Jane:  You have described building a specialized vocabulary for describing the civilian experience in one country,Belgium, during the war and building semantic frameworks for military events?  How did these efforts get started and how can they be used?

Thea: We started with the civilian experience in occupied Belgium in WWI since the documents were richer there, but the vocabulary has since been extended to cover occupied France as well. This topic was selected for more intensive semantic linking not only because it was well-represented in the WWI Collection Online, but also because the impact of “total war” on civilian populations is an area of current scholarly interest. Most of the publications in the collection falling into this category deal with the hardships civilians suffered during the German invasion and occupation of Belgium and northern France, particularly atrocity incidents such as killings and worker deportations and the impact of military rule on day-to-day life. The general, event-based framework for WWI was planned from the outset as a contribution that could be of value to many cultural heritage institutions seeking to expose their WWI-related digital collections, particularly in the run-up to the centenary. It includes key military, political and social events, the basis of which was timeline data shared by the Imperial War Museum’s First World War Centenary Partnership Programme. It is meant to be shared widely, thus providing the “semantic glue” that binds separate datasets relating to WWI together and allows searching and browsing in the broader corpus. The specialized vocabulary, event-based framework and other structures we have created for this project will be made freely available for reuse via a data dump and SPARQL endpoint.

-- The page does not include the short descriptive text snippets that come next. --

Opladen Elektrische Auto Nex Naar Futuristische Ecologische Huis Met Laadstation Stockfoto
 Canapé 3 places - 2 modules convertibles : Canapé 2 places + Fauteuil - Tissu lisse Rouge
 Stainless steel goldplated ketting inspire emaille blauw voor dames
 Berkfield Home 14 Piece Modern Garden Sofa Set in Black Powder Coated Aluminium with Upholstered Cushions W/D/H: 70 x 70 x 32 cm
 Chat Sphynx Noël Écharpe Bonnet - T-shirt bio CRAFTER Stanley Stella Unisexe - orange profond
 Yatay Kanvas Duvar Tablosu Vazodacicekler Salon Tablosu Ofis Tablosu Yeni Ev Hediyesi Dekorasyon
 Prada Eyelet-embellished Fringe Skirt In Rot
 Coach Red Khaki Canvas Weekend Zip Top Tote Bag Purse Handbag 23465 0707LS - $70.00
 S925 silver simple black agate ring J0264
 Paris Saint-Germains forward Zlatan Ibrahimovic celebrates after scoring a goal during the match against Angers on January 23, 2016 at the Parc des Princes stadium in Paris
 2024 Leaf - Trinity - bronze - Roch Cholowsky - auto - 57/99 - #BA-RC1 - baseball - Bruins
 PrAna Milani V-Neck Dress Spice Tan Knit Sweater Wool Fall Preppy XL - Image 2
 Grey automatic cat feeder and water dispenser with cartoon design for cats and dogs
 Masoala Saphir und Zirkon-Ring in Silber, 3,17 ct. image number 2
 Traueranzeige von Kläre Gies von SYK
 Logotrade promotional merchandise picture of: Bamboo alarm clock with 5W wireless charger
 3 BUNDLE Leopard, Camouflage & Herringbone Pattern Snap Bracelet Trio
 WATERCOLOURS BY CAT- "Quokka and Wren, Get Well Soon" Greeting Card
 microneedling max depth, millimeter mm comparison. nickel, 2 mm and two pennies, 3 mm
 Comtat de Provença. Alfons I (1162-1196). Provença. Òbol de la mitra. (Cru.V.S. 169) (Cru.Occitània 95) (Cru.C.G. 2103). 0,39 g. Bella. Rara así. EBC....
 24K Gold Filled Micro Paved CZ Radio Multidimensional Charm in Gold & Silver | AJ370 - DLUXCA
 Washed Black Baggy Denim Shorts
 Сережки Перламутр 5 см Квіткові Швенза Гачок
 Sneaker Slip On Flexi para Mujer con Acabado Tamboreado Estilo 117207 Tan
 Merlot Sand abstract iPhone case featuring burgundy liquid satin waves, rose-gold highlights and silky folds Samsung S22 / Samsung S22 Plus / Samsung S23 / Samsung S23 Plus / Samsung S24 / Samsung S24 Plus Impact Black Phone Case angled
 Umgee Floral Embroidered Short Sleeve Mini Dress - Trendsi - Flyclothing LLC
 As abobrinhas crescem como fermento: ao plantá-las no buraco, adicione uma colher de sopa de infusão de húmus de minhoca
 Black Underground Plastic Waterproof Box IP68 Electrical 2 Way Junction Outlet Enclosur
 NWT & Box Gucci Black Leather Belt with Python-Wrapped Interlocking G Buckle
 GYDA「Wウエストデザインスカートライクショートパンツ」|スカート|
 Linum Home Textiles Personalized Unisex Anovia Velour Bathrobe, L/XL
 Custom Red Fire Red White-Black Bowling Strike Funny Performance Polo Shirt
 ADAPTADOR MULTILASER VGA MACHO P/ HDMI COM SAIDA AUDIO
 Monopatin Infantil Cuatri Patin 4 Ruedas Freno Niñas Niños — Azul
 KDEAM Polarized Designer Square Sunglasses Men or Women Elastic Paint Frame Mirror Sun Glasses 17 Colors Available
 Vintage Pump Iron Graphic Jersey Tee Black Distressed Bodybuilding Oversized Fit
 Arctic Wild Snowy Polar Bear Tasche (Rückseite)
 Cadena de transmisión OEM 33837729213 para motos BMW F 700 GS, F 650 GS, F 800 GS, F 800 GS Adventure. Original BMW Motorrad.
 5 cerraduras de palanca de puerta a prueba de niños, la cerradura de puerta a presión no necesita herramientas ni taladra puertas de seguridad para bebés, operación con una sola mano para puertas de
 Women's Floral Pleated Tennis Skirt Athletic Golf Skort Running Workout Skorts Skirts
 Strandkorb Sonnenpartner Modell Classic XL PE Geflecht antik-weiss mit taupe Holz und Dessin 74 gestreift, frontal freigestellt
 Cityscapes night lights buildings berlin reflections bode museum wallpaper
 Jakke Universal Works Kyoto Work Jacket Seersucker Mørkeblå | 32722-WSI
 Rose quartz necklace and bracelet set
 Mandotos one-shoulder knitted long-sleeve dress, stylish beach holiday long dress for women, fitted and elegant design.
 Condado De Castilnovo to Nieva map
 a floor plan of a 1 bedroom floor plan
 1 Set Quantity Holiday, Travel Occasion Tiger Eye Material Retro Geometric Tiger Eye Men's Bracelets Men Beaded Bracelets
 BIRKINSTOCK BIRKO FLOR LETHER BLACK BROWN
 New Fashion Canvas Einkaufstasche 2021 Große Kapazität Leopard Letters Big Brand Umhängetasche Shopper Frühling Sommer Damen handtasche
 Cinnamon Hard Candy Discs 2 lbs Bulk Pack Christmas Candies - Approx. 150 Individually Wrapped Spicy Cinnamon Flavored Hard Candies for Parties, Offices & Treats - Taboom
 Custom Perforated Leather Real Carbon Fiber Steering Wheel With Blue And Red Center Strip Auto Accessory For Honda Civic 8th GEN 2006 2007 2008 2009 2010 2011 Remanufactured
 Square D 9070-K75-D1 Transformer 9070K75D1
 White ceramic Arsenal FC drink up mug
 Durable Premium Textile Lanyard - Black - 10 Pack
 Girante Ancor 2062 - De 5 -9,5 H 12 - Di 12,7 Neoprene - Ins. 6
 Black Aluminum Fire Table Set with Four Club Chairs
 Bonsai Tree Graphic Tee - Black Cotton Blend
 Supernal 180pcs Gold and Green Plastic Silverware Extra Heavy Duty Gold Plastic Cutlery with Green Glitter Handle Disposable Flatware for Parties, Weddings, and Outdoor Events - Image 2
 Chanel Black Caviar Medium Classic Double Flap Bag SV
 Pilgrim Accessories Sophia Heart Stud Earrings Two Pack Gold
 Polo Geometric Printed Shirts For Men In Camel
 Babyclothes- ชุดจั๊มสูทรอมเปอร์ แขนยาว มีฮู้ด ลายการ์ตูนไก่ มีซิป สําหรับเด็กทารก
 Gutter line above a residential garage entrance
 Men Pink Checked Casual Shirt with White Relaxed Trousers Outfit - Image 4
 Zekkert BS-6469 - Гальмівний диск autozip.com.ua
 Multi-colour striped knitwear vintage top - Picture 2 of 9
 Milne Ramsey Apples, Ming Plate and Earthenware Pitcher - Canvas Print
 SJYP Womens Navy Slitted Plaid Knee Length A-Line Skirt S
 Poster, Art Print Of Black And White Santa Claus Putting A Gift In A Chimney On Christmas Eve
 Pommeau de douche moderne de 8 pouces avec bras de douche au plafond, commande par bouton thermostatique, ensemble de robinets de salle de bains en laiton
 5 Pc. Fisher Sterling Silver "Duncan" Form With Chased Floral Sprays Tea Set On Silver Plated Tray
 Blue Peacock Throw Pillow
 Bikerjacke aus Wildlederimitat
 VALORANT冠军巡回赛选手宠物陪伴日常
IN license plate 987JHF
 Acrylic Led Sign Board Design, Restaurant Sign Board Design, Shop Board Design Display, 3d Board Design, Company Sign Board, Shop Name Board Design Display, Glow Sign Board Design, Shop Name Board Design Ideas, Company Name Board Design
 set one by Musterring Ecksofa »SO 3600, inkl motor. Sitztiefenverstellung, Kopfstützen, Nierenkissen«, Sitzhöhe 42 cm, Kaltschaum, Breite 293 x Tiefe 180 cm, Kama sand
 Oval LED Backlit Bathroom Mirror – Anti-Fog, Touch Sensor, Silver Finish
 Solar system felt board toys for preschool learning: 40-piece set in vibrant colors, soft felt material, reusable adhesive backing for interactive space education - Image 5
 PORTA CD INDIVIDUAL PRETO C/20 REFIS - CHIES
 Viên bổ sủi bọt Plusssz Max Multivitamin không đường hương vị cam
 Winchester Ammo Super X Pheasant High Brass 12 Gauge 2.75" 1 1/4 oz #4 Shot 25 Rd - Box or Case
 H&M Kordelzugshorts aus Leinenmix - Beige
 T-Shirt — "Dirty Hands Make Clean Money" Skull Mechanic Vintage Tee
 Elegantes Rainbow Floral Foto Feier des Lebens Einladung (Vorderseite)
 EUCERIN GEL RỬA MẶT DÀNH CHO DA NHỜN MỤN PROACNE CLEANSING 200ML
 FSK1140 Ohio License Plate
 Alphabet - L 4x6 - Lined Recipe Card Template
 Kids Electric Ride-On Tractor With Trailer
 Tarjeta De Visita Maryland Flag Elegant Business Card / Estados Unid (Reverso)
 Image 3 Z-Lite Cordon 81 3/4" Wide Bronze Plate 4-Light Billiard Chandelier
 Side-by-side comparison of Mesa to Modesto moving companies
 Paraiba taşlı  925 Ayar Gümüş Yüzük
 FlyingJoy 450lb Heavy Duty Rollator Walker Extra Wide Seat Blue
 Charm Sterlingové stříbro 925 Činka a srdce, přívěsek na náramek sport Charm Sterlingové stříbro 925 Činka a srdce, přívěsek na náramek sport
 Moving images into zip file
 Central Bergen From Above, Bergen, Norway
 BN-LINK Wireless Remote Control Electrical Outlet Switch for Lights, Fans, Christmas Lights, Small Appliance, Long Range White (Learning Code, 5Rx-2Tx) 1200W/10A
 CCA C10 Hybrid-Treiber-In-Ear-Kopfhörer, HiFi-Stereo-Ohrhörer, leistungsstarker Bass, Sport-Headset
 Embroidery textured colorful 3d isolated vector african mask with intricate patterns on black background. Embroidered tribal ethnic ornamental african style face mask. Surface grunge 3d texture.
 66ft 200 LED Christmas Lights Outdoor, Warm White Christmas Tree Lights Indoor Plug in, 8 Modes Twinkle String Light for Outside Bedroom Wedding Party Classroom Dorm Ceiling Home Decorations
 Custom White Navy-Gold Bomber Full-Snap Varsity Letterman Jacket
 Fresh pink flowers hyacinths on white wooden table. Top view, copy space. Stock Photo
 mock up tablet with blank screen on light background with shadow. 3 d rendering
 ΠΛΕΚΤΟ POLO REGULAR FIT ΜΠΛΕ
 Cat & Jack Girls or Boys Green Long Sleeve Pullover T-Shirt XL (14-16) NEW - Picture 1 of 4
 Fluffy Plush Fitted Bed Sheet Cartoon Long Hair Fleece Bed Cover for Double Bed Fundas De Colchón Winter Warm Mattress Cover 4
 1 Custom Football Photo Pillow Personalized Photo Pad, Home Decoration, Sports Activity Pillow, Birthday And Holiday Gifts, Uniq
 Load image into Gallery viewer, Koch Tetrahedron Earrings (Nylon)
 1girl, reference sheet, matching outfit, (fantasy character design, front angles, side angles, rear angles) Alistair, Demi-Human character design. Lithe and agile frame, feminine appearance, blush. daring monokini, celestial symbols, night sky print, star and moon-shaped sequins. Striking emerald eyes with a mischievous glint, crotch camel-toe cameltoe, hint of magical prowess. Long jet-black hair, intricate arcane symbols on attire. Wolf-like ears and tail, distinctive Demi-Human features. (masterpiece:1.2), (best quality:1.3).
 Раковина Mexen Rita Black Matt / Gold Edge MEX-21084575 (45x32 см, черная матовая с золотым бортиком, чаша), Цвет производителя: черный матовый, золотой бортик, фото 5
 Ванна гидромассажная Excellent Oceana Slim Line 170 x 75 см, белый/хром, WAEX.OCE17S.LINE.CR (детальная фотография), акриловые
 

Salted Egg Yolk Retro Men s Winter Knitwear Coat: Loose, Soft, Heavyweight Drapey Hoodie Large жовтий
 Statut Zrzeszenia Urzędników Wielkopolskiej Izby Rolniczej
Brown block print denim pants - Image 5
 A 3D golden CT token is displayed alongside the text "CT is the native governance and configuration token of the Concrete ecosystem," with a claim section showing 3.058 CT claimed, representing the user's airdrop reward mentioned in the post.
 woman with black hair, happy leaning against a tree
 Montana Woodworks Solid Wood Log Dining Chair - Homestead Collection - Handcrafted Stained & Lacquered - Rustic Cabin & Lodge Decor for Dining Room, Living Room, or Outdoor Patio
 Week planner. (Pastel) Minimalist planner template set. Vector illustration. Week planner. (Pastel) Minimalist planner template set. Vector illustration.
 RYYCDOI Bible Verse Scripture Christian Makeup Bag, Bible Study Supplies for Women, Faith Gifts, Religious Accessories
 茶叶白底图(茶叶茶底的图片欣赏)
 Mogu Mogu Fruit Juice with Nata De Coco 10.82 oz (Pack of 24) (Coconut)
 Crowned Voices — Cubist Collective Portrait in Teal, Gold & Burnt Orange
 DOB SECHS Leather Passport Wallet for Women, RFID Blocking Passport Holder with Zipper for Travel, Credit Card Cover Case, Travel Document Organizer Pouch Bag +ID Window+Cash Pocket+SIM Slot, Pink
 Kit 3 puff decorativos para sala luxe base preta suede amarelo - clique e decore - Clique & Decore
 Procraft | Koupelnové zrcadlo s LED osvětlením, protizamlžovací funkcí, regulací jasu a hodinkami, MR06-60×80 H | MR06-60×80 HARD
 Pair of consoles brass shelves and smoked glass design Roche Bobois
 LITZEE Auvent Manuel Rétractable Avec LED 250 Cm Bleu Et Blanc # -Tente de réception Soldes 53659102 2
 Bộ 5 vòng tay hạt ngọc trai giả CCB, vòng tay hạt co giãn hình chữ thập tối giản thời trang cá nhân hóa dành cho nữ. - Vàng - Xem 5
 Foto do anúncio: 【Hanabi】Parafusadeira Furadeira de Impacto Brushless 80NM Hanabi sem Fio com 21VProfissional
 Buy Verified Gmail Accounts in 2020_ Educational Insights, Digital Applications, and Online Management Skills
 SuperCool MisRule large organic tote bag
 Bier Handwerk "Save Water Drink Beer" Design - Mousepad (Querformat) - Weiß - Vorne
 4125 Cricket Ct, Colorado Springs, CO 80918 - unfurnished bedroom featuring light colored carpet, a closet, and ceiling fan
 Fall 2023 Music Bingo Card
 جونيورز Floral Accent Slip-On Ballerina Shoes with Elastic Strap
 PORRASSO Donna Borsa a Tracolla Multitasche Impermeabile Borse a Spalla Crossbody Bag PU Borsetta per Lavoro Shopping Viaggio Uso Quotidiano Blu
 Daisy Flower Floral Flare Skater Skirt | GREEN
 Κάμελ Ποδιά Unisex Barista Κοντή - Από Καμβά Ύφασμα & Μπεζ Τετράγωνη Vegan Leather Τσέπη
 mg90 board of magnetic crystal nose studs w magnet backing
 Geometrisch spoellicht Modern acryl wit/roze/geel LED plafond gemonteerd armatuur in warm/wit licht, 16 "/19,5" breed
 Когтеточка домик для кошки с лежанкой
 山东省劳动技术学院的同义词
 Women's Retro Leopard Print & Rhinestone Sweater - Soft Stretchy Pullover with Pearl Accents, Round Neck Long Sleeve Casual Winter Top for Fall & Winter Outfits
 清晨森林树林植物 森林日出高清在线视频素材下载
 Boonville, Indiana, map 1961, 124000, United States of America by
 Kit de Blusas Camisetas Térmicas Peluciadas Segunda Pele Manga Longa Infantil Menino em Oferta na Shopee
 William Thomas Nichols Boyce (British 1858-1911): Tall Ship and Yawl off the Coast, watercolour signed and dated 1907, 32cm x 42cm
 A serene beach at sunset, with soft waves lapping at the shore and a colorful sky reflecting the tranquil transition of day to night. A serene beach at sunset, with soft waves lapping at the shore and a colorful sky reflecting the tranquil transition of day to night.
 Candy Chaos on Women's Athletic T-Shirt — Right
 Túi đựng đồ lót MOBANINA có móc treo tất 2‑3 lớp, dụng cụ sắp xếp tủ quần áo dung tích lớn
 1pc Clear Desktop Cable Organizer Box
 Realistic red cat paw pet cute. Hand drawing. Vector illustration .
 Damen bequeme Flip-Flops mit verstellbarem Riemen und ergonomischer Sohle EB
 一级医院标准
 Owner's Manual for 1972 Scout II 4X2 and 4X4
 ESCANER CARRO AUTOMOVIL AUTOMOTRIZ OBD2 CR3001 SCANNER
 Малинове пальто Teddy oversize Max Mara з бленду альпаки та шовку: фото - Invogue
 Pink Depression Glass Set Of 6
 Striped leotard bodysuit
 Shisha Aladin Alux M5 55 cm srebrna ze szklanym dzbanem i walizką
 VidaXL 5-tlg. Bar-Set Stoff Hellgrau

Jane: You worked previously as a geospatial information librarian. Can you talk about how that is different than being a maps librarian? Can you describe what you learned about preserving geospatial information?

Thea: The job title took in the fact that I not only developed and helped users access analog resources but also digital resources. Much of my job was helping users in the humanities and social sciences find geographically referenced information and then use GIS to analyze and visualize it in ways that were meaningful to their research. The data really didn’t become a map until it had reached the visualization stage. It was a lot of fun to help one user find the town their grandparents came from in present-day Poland using historical gazetteers and then turn around and help another mashup data on how racial and social factors relate to unemployment in Flint, Michigan. At the time – over ten years ago – there weren’t many conversations about how we would preserve and provide longer-term access to our digital assets other than backing them up on hard drives and servers. The print maps were another story. They were housed flat in special map cabinets in an environmentally controlled area and received conservation and preservation treatment from a dedicated lab.